*** Begin section ***

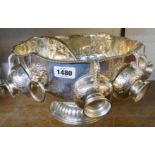 A silver plated punch bowl with lion mask ring handles and six cups, a parcel gilt kings pattern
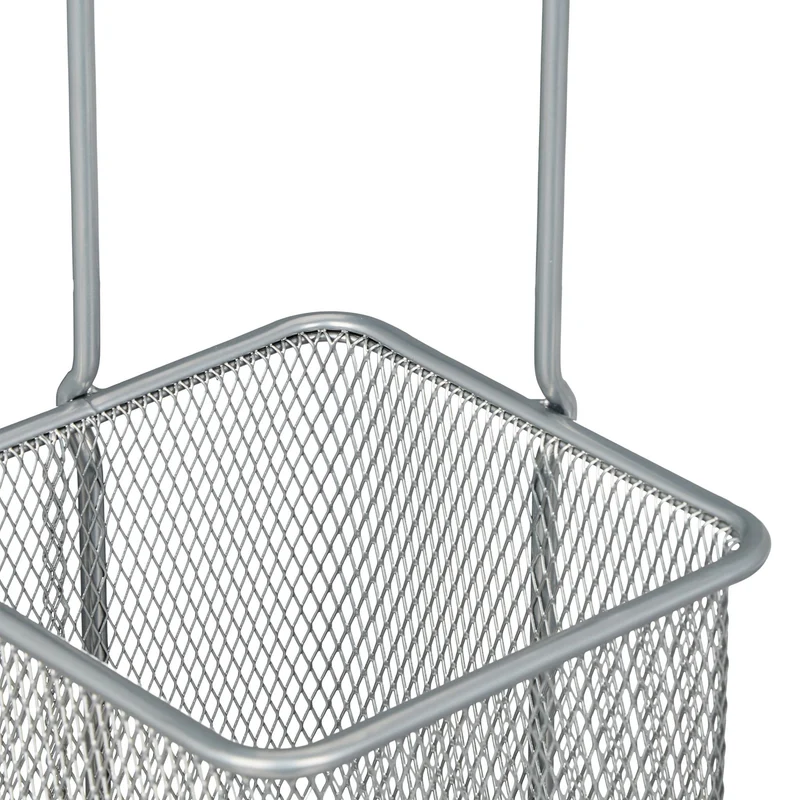 Porte-parapluie carré design moderne rangement entrée bureau 52,5 x 13,5 x 13,5 cm en métal noir 13_0014126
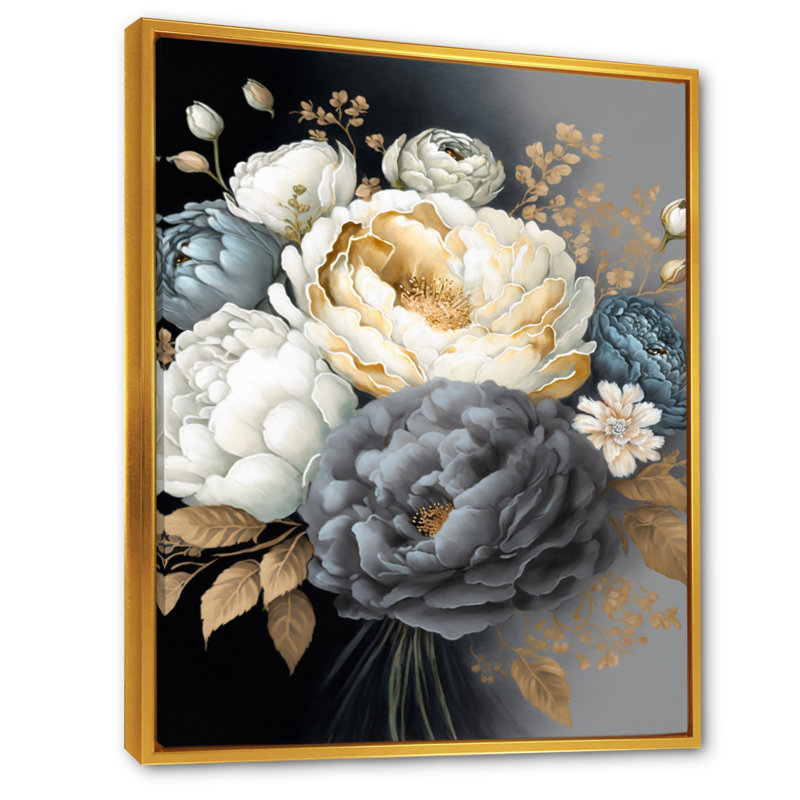 Bouquet de pivoines blanches, bleues et grises I - Impression sur toile, H 20 po x l 12 po x P 1 po, Cadre flottant doré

*** End section ***

- TO DO
Leave out the pictures and give the listing above again exactly.

- SOLUTION TO THIS EXERCISE
 A silver plated punch bowl with lion mask ring handles and six cups, a parcel gilt kings pattern
 Porte-parapluie carré design moderne rangement entrée bureau 52,5 x 13,5 x 13,5 cm en métal noir 13_0014126
 Bouquet de pivoines blanches, bleues et grises I - Impression sur toile, H 20 po x l 12 po x P 1 po, Cadre flottant doré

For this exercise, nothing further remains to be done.